In a primary recovery process, hydrocarbons are displaced from a reservoir due to the high natural differential pressure between the reservoir and the bottomhole pressure within a wellbore. The reservoir's energy and natural forces drive the hydrocarbons contained in the reservoir into the production well and up to the surface. Artificial lift systems, such as sucker rod pumps, electrical submersible pumps or gas-lift systems, are often implemented in the primary production stage to reduce the bottomhole pressure within the well. Such systems increase the differential pressure between the reservoir and the wellbore intake; thus, increasing hydrocarbon production. However, even with use of such artificial lift systems only a small fraction of the original-oil-in-place (OOIP) is typically recovered using primary recovery processes as the reservoir pressure, and the differential pressure between the reservoir and the wellbore intake, declines overtime due to production. For example, typically only about 10-20% of the OOIP can be produced before primary recovery reaches its limit—either when the reservoir pressure is too low that the production rates are not economical, or when the proportions of gas or water in the production stream are too high.

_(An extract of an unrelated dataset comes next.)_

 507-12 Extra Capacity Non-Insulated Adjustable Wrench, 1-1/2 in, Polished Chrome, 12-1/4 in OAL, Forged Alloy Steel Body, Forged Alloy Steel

In order to increase the production life of the reservoir, secondary or tertiary recovery processes can be used. Typically in these processes, fluids such as water, gas, surfactant, or combination thereof, are injected into the reservoir to maintain reservoir pressure and drive the hydrocarbons to producing wells. For example, typically an additional 10-50% of OOIP can be produced in addition to that produced during primary recovery. The most commonly used secondary recovery process is waterflooding, which is often referred to as an improved oil recovery (IOR) process, and involves the injection of water into the reservoir to displace or physically sweep the residual oil to adjacent production wells.
Waterflooding operations typically require a sufficient supply of water for injection, water purification systems to filter and chemically treat the source water, a pumping or injection system, and access to the reservoir formation via a wellbore. While waterflooding processes may be more economical than other oil recovery processes, waterflooding operations present logistical and economic limitations that can preclude the use of waterflooding, especially when operating in offshore environments.
In offshore or marine waterflood operations, the production and injection wells are subsea, or below a body of water, and access to the wells is primarily via a platform or production vessel. Produced water can be processed and used as a supply source of injection water; alternatively, seawater can be recovered, treated, and injected into the injection wells. Such fluid processing/treatment facilities are often located on centralized injection platforms connected to various injection wells via submarine pipelines, as the injection wells are typically positioned remotely along the perimeter of the reservoir.
The capital and operational costs, as well as, logistical constraints of a waterflood therefore, often dictate whether waterflooding is a feasible candidate for recovery in a reservoir. Historically waterflooding in marginal oil reservoirs, where the OOIP typically ranges between 0.25-2 million stock tank barrels (MMSTB), has not been feasible, even when incremental waterflood reserves could be up to double those of primary reserves. For example, the predicted incremental oil obtained from waterflooding marginal offshore reservoirs typically would not offset the cost of injection pumps and laying pipelines supplying injection water to the remote platforms. Waterflood recovery is also dependent on the timing of water injection and delays in getting water in the ground may result in loss of recovery. Furthermore, seawater injection systems installed on remote platforms are structurally not viable as they are challenged by weight constraints, space constraints, and limited mobility.